小学生のころ、学期毎に作成されていた学年文集にこう記した。「僕は鰯が大好きです、毎年の誕生日はケーキではなく鰯で祝います、今年ももちろんその予定です。」魚は健康にも良いし、栄養も豊富だということは知っていたので、僕は得意気だった。
ところがいざその文集が形になり保護者に配られると、その日の夕食時(もちろん献立は鰯)、何故か兄姉には笑われ、母親からはお叱りを受けることに。実は今でこそ鰯は高級魚に成り上がったが、当時は雑魚同然だったのである。恥ずかしくて近所に合わせる顔がないというのだ。
当時、前越少年まだ10歳(すねもスベスベ)、僕は毎週水曜日夜八時に、隣の町から講師を招いて行われているストレッチ教室へ母親と二人で通っていた。その日もドラゴンボールを見終えた僕達はバスタオル一枚ずつ持って公民館へ向かった。蒸し暑い夜だった。「鰯好きなんか?良くできた子やねえ。」「啓輔君賢い訳や。」など近所のおばさんのフォローも空を切り、母親の終始苦笑いの表情が印象に残っている。蒸し暑い夜、アイスを食べながらの帰り道。重い足どり、鰯の味。
想い出はつい昨日のようだ。
最近先輩である知人が接骨院に通い始め、(よくテレビで「ボキボキッ!」と大袈裟な音をたてている例のやつね)色々話をしてくれる。足の長さが揃ってないから体の左右のバランスが崩れ、寝ても疲れが取れないとか、幾らマッサージを受けても肩のコリがひかないとか、仕舞いにはそのストレスで頭痛持ちになってしまうのだ〜!と声高らかに、俺の不安を煽るものだから、その場では鼻で笑いながら「んなこたぁないでしょ」適当に返事をしておくのだけれども、毎日寝る前にはストレッチをするようにしている。

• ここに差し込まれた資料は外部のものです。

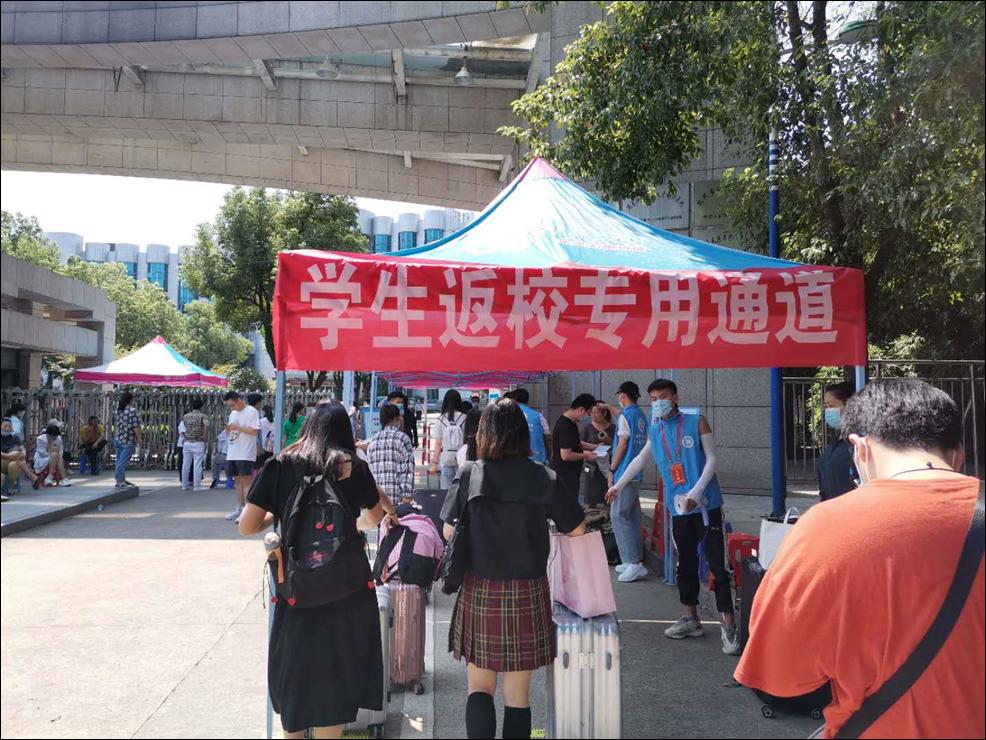 志愿者引导返校生保持安全距离,有序排队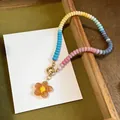 Vibrant dopamine style glass beaded necklace featuring a clear amber flower pendant - Transparent Orange Multicolor Necklace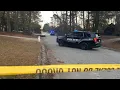 Man killed woman taken into custody after shooting in Lithonia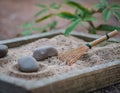 Small Garden With Rocks and Broom. Generative AI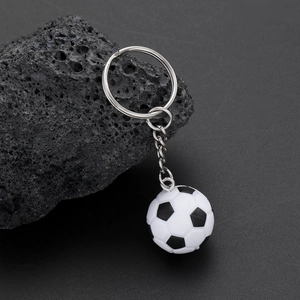 Macro detail of a classic black and white soccer ball keychain on a volcanic rock surface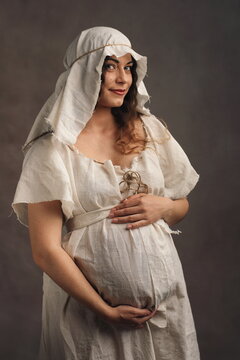 Authentic Maternity Portrait of Smiling Pregnant Woman in Medieval Gown
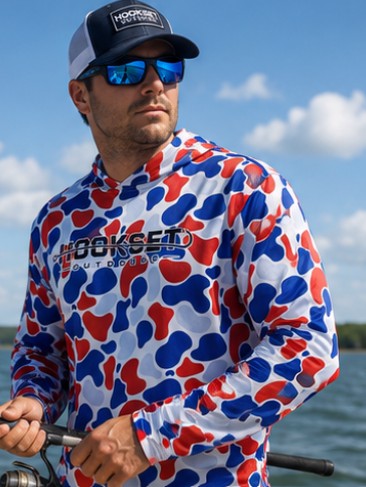 Man fishing on a boat wearing Hookset Freedom UPF 50 fishing hoodie with patriotic red white and blue duck camo pattern.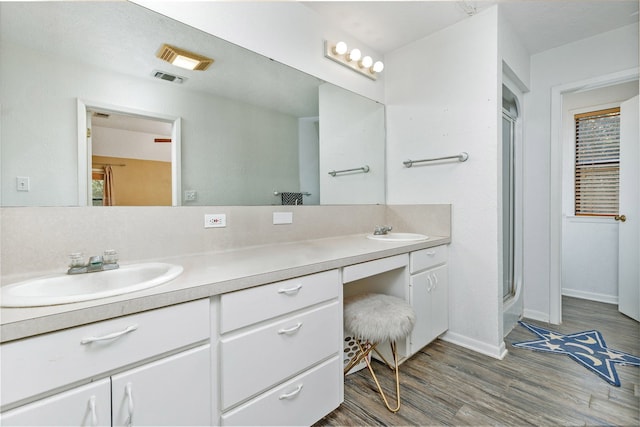 bathroom with wood-type flooring, vanity, and combined bath / shower with glass door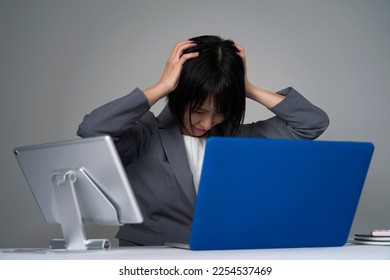 Asian businesswoman holding her head after working overtime - Shutterstock ID 2254537469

このような事もあり接骨院に興味を持ちだしたのだが、如何せん一人で、頭にスカーフを巻いているであろうオヤジに、ボキボキやられるのは流石に腰が引けるので、渋谷のスタジオ練習帰りに、山手線のホームで牛尾を誘ってみた。「牛尾、俺らドラムとかギターとか弾くから尚更やろ、体固まっとるよ。接骨院や!接骨院!」(接骨商法)すると、想いもよらない好反応が返ってきた。「いいっすねえ接骨院」と、自分の肩を揉みながら、微笑むあいつの顔には、完全に接骨症候群特有の表情があらわれていた。
もうじき牛尾もストレッチを始める頃だろう。
そして次は貴方が誘われるかも知れない。